Le règlement s'applique depuis le 1er août 2024, mais par paliers. Les usages prohibés sont bannis depuis le 2 février 2025. Les devoirs visant les modèles GPAI (GPT, Claude, Mistral) courent depuis le 2 août 2025. Après le Digital Omnibus (accord provisoire Conseil/Parlement du 7 mai 2026), les exigences pour les systèmes IA à haut risque de l'annexe III prennent effet le 2 décembre 2027. L'article 6(1) (produits réglementés annexe I) glisse au 2 août 2028, en même temps que les fournisseurs GPAI présents avant août 2025.

L'annexe III recense huit terrains où l'IA passe en haut risque : reconnaissance biométrique à distance, infrastructures vitales, enseignement, travail et RH, accès aux prestations essentielles (crédit, assurance, aides sociales), maintien de l'ordre, frontières, justice et vie démocratique.

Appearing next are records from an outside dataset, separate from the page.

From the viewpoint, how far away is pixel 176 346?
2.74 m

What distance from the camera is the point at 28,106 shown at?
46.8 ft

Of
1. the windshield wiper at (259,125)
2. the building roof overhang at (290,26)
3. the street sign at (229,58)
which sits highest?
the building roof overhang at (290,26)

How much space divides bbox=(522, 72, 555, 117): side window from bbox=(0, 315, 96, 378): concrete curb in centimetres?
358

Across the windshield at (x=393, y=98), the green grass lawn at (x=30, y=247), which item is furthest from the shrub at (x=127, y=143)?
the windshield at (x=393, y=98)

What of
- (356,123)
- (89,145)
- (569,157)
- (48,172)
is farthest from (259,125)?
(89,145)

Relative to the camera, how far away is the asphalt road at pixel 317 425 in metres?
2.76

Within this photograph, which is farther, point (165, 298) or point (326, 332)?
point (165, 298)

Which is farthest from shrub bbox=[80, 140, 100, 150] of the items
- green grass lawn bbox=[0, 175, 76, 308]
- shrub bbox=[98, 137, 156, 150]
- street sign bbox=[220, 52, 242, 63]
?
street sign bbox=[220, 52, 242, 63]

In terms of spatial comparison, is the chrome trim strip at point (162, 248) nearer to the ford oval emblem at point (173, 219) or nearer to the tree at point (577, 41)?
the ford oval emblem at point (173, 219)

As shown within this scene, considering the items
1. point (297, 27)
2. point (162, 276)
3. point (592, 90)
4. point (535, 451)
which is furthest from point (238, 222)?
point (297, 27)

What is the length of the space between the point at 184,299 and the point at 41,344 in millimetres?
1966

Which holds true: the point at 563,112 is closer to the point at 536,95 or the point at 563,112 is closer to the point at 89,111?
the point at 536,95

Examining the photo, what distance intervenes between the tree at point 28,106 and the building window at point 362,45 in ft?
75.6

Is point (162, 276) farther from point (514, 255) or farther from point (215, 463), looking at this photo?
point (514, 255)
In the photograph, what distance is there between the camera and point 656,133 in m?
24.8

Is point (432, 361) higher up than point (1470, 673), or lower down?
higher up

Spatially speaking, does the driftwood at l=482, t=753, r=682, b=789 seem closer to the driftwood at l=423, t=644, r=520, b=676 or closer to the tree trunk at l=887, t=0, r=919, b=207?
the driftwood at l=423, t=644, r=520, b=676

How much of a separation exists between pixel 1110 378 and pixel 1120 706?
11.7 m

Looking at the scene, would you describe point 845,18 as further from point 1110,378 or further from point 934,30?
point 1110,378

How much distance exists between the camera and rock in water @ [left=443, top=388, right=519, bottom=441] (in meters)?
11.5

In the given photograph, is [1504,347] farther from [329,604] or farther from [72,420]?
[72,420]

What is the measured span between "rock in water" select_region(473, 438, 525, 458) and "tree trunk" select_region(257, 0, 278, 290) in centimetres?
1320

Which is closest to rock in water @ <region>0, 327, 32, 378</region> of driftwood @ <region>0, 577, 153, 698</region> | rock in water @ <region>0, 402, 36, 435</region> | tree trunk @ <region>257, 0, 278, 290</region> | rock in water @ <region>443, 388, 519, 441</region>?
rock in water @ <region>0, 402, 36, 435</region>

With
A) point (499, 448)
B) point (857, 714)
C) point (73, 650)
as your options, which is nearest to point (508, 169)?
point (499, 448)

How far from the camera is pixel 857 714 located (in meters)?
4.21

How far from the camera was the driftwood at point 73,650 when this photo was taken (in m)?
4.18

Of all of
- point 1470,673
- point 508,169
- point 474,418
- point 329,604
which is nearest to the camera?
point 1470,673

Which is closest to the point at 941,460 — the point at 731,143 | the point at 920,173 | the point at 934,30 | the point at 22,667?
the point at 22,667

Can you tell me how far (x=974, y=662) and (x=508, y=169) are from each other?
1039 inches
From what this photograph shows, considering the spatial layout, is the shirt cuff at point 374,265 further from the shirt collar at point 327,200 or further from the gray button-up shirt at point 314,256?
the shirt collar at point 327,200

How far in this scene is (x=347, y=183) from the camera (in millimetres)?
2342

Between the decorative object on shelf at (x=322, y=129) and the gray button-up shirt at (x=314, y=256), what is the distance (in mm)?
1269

Dès qu'un outil opère sur l'un de ces terrains pour arrêter ou peser sur des décisions lourdes touchant des personnes, il relève du haut risque.

Six devoirs pour le fournisseur : 1) un pilotage des risques formalisé. 2) un dossier technique complet. 3) transparence et traçabilité (journalisation). 4) supervision humaine réelle (article 14) : l'outil doit être pensé pour rester sous le contrôle effectif de personnes physiques, le déployeur (article 26) appliquant ensuite cette surveillance. 5) solidité, exactitude et cybersécurité. 6) marquage CE avant commercialisation, doublé de l'enregistrement européen.

Le texte sépare plusieurs casquettes : fournisseur (qui conçoit le système), déployeur (qui l'exploite), importateur, distributeur. Une société qui recourt à ChatGPT pour trier des CV agit en déployeur d'un système à haut risque et doit assurer la supervision humaine, même sans avoir bâti le modèle. Les devoirs s'additionnent et ne se diluent pas.

Trois barèmes. Usages prohibés : jusqu'à 35 M€ ou 7 % du CA mondial. Autres manquements (haut risque non conforme, marquage CE absent) : jusqu'à 15 M€ ou 3 % du CA. Informations fausses aux autorités : jusqu'à 7,5 M€ ou 1 % du CA. Les PME profitent d'aménagements sur les plafonds en euros (le pourcentage du CA, lui, demeure dû).

Toute structure qui conçoit, fournit ou exploite un système IA est visée, quelle que soit sa taille. Une PME cantonnée à des usages à risque limité (chatbot, contenu marketing) n'a que des devoirs légers. Une PME qui met en service un système à haut risque (filtrage de CV, scoring de crédit) doit atteindre la conformité au 2 décembre 2027 (échéance décalée par le Digital Omnibus), même avec dix salariés. Le texte ménage des appuis (sandboxes, accompagnement), mais aucune dispense.

Tout dépend du niveau de risque et de la casquette. SaaS à risque limité (chatbot, rédaction de contenu, recommandation) : aucune formalité, il suffit de signaler à l'utilisateur qu'il dialogue avec une IA. SaaS à haut risque (filtrage de CV, scoring de crédit, notation scolaire) : inscription obligatoire à la base européenne, marquage CE, dossier technique. Fine-tuning d'un modèle GPAI : vous n'accédez au statut de fournisseur GPAI à part entière que si la retouche dépasse environ le tiers du compute d'entraînement du modèle d'origine (seuil indicatif Commission, ~3×10^21 FLOP). Dans les faits, la plupart des fine-tunings d'entreprise restent sous ce plafond. La majorité des SaaS courants échappent donc aux déclarations.

France : la CNIL chapeaute l'application (loi DDADUE validée au Sénat le 17 février 2026), entourée d'une quinzaine de régulateurs sectoriels : DGCCRF, Arcom, ACPR, AMF, ANSM, HAS. L'ANSSI et le PEReN prêtent un appui technique sans pouvoir de sanction direct. Luxembourg : la CNPD a été investie dès novembre 2024 comme autorité de référence et guichet unique. Le projet de loi 8476 (déposé le 23 décembre 2024) ventile les compétences sectorielles : CSSF (finance), CAA (assurance), ILNAS (infrastructures critiques), ALIA (deepfakes), ALMPS (dispositifs médicaux), JSA (justice), OLAS (accréditation), ILR (déployeurs à haut risque, recouvrement NIS2). À l'échelle européenne : l'AI Office pour les GPAI.